== Problem details ==
Restate word for word the lines of the entries below, starting with the line that holds "Star Wars Epic" and ending with the line that holds "Terry Cotton Pet", and no others.

== Data to process ==
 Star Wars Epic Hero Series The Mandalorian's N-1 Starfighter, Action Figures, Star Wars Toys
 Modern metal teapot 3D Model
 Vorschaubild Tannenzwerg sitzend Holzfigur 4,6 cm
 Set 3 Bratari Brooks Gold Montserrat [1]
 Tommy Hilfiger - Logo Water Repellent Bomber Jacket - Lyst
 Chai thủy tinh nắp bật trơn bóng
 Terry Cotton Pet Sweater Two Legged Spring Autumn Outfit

...

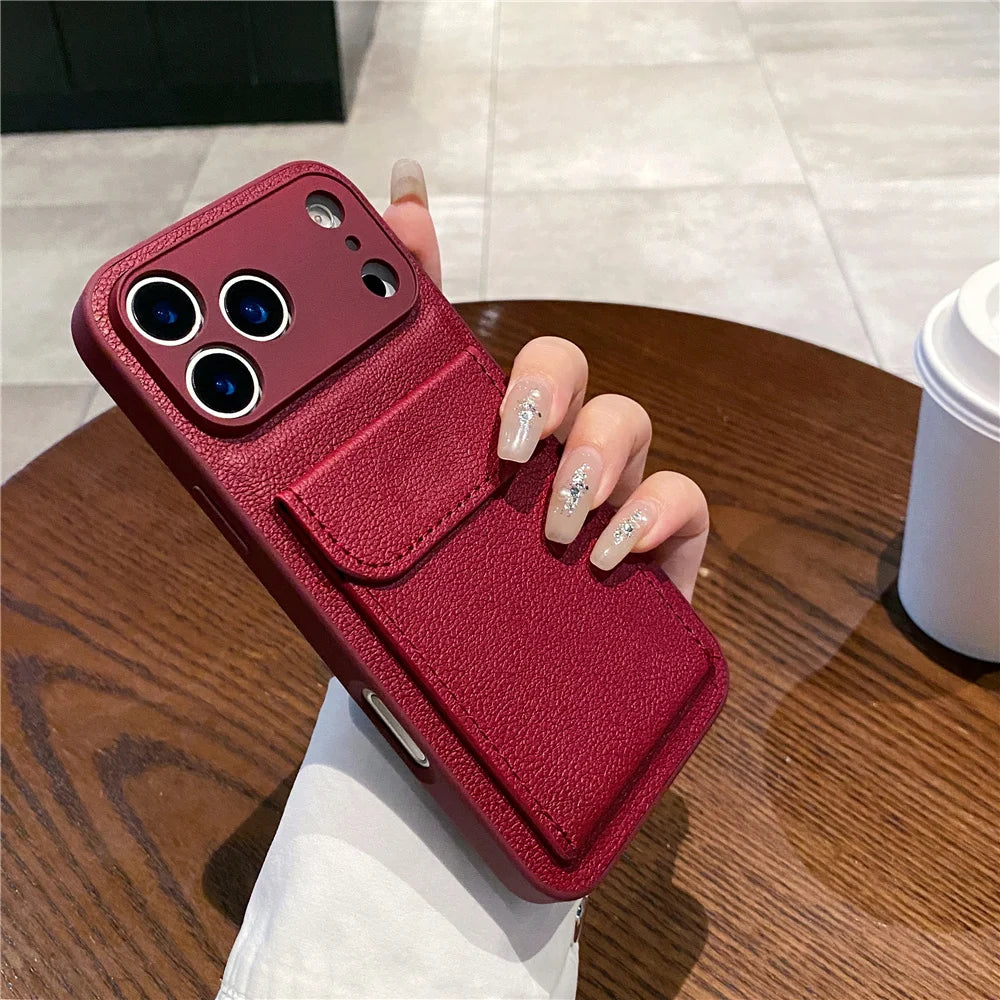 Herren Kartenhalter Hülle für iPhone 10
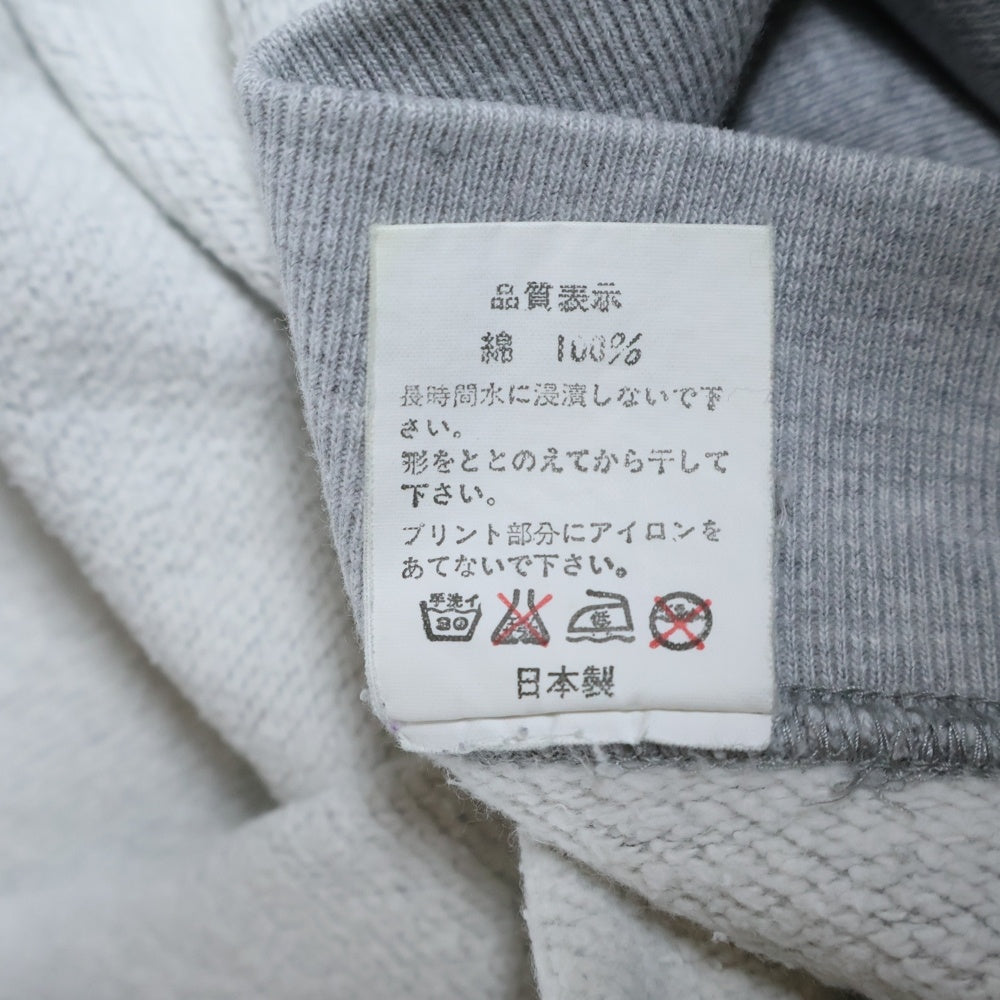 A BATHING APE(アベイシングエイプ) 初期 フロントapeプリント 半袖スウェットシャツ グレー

---

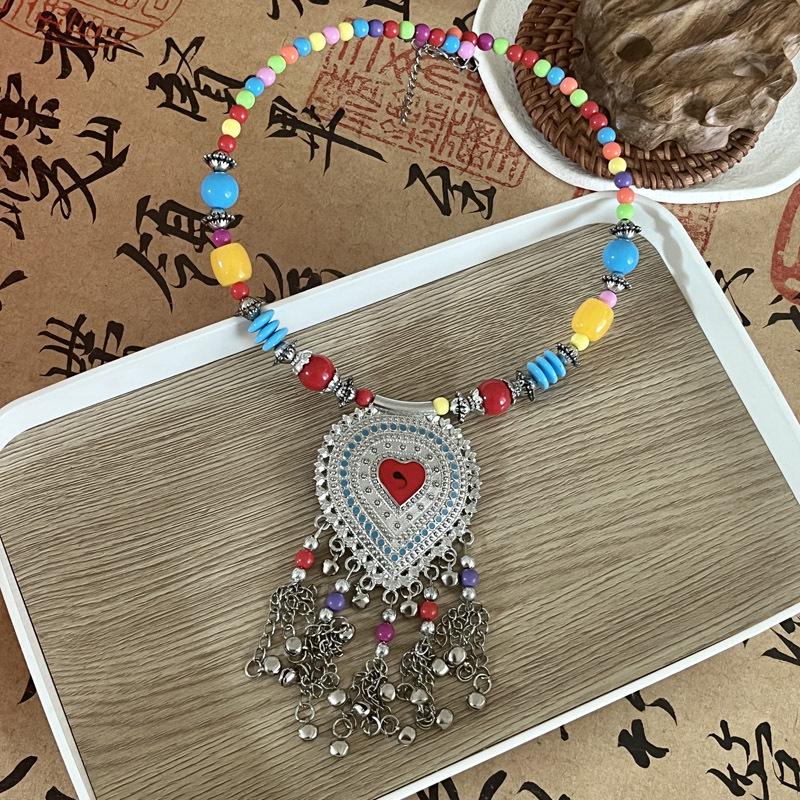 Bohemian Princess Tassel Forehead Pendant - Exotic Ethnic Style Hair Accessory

== Finished exercise ==
 Star Wars Epic Hero Series The Mandalorian's N-1 Starfighter, Action Figures, Star Wars Toys
 Modern metal teapot 3D Model
 Vorschaubild Tannenzwerg sitzend Holzfigur 4,6 cm
 Set 3 Bratari Brooks Gold Montserrat [1]
 Tommy Hilfiger - Logo Water Repellent Bomber Jacket - Lyst
 Chai thủy tinh nắp bật trơn bóng
 Terry Cotton Pet Sweater Two Legged Spring Autumn Outfit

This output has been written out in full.